I have a back yard that is proof of concept.  I have a large back yard and it is surrounded by what was a hedge that I deliberately let grow to the point that it looked like a shelter belt or a half rectangle portion of a forest.  The trees became huge and the views of the neighbors yard disappeared which is what I wanted.  If I can’t see them, they can’t see me.  In the summer, I , like Adam and Eve, liked to go to my garden and hide in the trees.  As the tress grew the amount of biomass that fell from them in the Fall became extreme.  My neigbor has a wonderful compost heap and told me that the leaves kind of disappear and become a wonderful loamy kind of soil conditioner.  My compost pile started to look like a pyramid of Egypt.  The trees grew huge and finally in another attack by an angry climate broke off at the tops in a wind storm.  I have a premodern back yard refuge where I have to be very careful.  I was reading out there one afternoon and there is a lot of snapping and popping going on above my head and the heavy untrimmed branches are not going to stay up there forever.  It is a dangerous place to be with a bit of wind.

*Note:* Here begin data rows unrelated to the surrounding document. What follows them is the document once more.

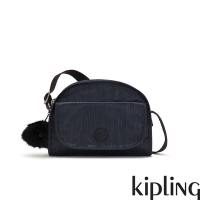 Kipling 光澤緞面黑絲絨翻蓋側背包-LETICIA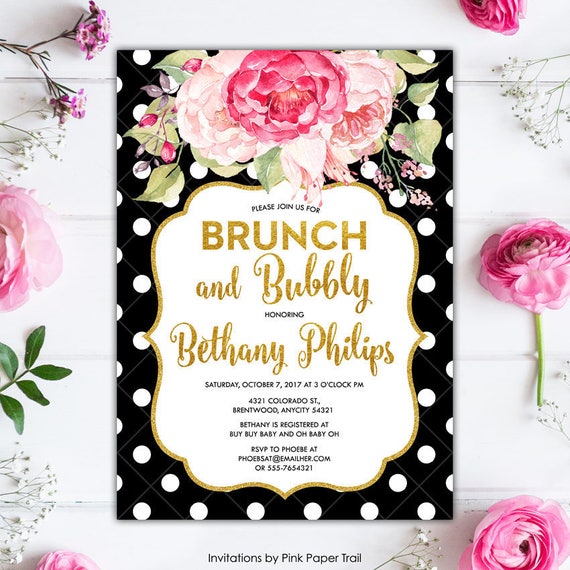 Black and White Polka Dots and Pink Floral and Glitter Gold Brunch and Bubbly Bridal Shower Bachelorette Party Printable Invitation Il_570xn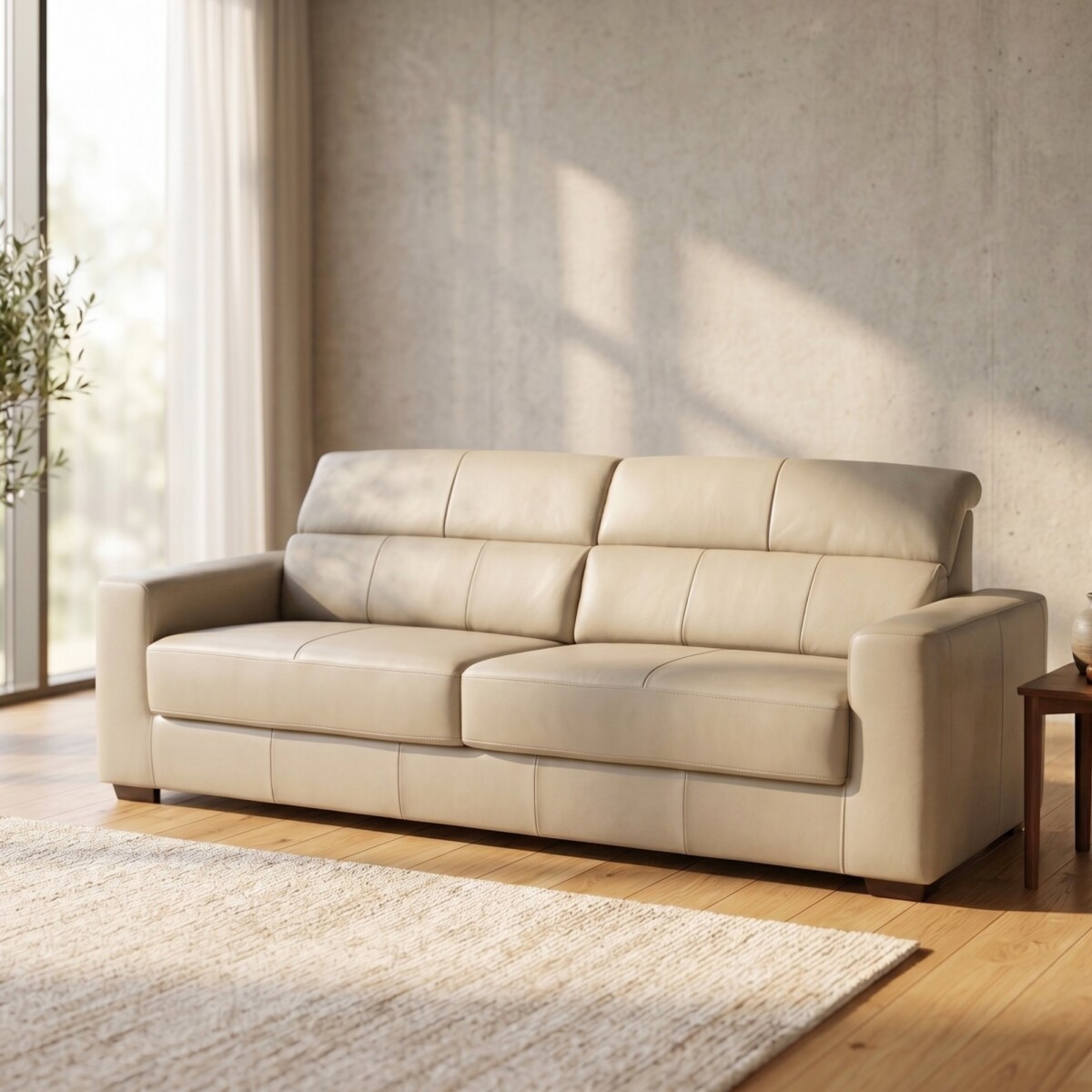 Sillón 100% Cuero - 3 Cuerpos - Sublime - Arena 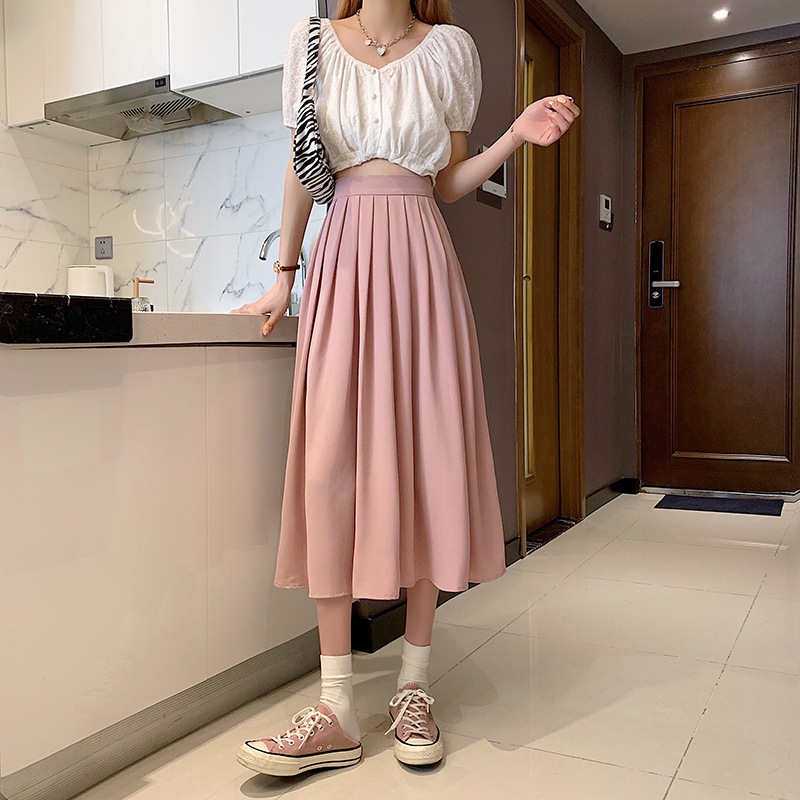 Drozenb Skirt Rok Panjang Maxi Wanita/Rok Wanita Korea/Rok Wanita Model Lipat Retro Highwaist Import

It is heaven for the birds – I have ring necked doves who according to books I read should not be here.  I have downy, pileated, hairy and woody woodpeckers, grosbeaks, and lately we have had cardinals which shouldn’t be here either.  My premodern forest is the home to about 10 squirrels as near as I can tell, both gray and red. Both large and small hawks raid at various times causing panic and mayhem and in the long watches of the night I can hear owls.

Yet it is a dangerous place.  As a curmudgeon I took some pride in telling the neighbor kids to stay out of my yard lest some wood fall crush them.  There is also the danger of trying to be modern since I almost chain sawed my leg off.  Even the premodern bucksaw can be dangerous in the tangle.

For those who worship nature, modernism is a curse.  For those who worship another God the words ae stricking.  Nature will wait for a chance to turn you back to the dust from which you came.